WHAT YOU HAVE TO DO: Your task is to retype, exactly and with nothing else, every line from the one containing "Pets Foundation received a nomination…" to the end of the listing.

LISTED RECORDS:
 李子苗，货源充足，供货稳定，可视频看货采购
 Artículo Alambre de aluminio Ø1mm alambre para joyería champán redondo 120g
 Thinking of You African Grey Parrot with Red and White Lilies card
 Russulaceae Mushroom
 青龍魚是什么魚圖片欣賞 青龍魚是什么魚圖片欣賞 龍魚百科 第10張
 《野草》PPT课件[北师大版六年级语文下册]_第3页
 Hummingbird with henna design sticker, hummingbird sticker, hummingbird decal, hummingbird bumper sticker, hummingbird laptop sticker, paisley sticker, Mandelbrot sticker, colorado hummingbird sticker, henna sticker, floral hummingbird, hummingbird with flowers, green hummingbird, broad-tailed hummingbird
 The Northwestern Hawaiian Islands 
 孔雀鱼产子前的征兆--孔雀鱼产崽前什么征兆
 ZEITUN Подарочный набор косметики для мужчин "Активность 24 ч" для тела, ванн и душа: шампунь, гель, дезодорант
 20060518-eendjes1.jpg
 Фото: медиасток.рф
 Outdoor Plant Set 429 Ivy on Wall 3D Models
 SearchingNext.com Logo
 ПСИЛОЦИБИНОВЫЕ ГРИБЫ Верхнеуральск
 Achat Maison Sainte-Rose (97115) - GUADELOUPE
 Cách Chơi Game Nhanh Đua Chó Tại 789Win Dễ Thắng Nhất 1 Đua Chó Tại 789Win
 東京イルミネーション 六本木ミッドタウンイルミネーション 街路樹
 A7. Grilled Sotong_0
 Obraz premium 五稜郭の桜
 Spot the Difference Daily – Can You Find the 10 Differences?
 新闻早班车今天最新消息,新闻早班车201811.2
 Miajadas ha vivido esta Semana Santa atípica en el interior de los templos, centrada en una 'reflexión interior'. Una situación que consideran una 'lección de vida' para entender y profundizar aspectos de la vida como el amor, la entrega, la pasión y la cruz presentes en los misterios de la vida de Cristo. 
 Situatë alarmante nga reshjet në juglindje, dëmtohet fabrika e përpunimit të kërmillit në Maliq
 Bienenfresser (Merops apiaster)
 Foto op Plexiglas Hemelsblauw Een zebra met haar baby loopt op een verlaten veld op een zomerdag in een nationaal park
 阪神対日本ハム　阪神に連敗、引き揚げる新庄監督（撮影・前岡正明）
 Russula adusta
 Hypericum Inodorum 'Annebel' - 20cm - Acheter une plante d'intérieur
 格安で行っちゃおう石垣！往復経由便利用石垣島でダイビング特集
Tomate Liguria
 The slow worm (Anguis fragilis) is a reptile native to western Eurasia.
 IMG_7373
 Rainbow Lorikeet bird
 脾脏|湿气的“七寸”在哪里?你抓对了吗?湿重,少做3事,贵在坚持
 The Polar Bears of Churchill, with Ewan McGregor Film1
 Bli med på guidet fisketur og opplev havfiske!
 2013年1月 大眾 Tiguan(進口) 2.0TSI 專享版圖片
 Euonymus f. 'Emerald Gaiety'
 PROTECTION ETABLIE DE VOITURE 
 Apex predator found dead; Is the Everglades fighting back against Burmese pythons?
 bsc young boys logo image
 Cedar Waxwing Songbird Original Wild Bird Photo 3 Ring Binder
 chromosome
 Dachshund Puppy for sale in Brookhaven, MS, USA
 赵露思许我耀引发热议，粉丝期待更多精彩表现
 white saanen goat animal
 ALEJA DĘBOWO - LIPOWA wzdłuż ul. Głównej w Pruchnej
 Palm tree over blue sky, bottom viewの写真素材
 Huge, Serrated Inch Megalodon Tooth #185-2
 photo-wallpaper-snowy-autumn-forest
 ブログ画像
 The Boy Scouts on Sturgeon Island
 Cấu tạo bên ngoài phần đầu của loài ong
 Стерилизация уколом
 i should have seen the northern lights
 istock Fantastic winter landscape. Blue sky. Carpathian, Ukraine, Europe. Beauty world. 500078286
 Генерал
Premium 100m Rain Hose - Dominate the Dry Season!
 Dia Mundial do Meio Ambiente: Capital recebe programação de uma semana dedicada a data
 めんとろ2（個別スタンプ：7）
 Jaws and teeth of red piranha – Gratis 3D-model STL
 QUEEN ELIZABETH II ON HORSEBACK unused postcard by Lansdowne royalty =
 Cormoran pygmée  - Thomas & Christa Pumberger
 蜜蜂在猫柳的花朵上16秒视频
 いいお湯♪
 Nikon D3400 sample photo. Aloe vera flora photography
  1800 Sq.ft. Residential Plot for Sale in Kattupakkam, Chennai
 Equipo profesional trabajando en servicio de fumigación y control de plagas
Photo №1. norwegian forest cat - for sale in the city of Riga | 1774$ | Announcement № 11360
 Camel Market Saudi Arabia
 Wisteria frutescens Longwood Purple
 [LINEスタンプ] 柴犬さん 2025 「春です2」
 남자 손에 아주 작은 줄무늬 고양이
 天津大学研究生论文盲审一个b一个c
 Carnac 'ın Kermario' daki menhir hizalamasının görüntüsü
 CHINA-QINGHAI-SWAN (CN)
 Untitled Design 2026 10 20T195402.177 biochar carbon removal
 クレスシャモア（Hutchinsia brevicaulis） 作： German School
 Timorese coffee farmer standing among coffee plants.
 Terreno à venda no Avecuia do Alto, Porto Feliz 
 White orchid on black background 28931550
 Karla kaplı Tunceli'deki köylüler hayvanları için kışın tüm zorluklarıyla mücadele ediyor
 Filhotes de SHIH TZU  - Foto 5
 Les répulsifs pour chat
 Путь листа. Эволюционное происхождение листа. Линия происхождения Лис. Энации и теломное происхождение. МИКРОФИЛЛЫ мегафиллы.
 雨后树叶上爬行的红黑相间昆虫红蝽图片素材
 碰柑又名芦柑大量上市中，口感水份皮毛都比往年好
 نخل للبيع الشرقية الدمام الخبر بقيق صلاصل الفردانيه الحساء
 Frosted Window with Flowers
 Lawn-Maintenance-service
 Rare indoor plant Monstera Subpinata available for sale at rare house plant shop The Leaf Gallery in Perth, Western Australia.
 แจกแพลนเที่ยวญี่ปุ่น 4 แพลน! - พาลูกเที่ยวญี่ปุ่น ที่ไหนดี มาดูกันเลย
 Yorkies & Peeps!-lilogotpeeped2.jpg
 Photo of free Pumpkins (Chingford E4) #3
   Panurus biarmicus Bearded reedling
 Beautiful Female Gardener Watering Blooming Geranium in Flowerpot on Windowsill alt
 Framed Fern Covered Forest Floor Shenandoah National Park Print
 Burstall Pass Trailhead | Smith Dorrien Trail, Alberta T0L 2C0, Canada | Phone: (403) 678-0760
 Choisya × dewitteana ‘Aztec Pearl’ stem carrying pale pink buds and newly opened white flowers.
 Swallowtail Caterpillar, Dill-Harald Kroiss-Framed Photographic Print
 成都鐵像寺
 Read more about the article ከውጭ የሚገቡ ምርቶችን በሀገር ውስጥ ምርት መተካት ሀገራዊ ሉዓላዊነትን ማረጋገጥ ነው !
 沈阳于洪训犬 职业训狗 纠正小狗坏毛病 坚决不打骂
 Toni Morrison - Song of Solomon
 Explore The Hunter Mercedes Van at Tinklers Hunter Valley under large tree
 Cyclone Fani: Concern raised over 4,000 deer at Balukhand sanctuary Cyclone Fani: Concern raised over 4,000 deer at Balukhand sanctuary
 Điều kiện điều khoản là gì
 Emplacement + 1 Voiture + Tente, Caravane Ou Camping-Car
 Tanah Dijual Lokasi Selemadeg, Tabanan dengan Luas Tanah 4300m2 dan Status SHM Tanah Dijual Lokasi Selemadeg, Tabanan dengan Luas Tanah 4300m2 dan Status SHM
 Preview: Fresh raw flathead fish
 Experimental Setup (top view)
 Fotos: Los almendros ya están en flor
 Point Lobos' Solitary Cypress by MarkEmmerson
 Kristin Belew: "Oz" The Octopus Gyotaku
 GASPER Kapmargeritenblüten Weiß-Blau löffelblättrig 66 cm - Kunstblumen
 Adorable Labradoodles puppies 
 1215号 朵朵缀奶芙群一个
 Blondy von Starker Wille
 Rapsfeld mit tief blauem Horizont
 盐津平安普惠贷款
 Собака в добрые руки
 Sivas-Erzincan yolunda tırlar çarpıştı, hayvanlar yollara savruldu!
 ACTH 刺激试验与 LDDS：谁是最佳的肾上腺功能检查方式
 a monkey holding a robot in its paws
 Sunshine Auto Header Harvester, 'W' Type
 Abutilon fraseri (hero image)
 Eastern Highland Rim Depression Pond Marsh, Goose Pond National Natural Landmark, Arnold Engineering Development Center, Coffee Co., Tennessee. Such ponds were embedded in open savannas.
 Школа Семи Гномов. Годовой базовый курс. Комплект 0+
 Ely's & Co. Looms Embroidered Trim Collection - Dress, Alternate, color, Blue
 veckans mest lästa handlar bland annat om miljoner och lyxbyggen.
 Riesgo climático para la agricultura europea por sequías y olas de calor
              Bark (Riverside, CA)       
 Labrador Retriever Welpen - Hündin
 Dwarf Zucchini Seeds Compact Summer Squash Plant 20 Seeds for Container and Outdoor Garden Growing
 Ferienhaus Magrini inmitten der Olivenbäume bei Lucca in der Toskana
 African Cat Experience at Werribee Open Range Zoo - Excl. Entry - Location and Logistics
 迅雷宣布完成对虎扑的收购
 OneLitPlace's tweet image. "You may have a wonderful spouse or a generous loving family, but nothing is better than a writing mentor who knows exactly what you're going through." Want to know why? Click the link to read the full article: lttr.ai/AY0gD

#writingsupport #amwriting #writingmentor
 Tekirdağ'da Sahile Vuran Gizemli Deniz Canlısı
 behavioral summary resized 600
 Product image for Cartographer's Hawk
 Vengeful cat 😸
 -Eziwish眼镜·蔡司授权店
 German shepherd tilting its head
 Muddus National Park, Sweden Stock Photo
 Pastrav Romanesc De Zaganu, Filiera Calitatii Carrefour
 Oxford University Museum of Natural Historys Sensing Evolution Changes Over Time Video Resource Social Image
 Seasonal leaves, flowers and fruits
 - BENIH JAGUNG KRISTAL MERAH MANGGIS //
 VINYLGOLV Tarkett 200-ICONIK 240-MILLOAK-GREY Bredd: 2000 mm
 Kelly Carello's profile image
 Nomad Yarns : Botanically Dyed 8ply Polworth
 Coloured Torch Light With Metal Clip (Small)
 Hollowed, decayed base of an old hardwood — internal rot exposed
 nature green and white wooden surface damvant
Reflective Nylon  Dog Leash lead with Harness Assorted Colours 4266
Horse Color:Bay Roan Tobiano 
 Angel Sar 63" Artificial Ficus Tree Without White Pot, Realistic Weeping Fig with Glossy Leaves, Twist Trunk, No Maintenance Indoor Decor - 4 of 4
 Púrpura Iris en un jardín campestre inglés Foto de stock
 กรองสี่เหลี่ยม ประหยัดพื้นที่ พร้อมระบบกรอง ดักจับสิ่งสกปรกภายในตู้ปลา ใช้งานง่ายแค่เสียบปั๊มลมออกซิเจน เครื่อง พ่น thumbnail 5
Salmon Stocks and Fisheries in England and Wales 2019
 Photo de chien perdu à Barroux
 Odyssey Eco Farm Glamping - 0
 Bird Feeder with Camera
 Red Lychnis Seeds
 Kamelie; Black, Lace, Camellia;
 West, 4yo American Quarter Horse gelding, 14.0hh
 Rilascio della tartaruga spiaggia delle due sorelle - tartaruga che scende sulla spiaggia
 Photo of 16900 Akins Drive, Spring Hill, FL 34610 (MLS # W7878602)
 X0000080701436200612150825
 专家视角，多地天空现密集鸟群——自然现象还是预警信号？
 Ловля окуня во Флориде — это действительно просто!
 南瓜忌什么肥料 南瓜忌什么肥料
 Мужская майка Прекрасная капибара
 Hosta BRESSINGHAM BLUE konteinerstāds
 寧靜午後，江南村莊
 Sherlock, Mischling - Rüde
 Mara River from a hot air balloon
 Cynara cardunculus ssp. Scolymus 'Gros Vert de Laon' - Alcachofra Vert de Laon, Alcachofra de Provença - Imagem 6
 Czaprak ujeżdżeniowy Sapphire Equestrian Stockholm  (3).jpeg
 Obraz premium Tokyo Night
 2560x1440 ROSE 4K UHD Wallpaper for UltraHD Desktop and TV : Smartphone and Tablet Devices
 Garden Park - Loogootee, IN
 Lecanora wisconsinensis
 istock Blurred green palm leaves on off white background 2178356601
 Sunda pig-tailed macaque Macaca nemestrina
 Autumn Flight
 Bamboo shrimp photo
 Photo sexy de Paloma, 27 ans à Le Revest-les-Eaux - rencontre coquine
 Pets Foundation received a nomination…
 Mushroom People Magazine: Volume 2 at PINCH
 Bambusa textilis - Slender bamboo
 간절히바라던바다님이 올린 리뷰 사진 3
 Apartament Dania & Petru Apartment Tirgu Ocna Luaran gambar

OUTPUT FOR THIS TASK:
 Pets Foundation received a nomination…
 Mushroom People Magazine: Volume 2 at PINCH
 Bambusa textilis - Slender bamboo
 간절히바라던바다님이 올린 리뷰 사진 3
 Apartament Dania & Petru Apartment Tirgu Ocna Luaran gambar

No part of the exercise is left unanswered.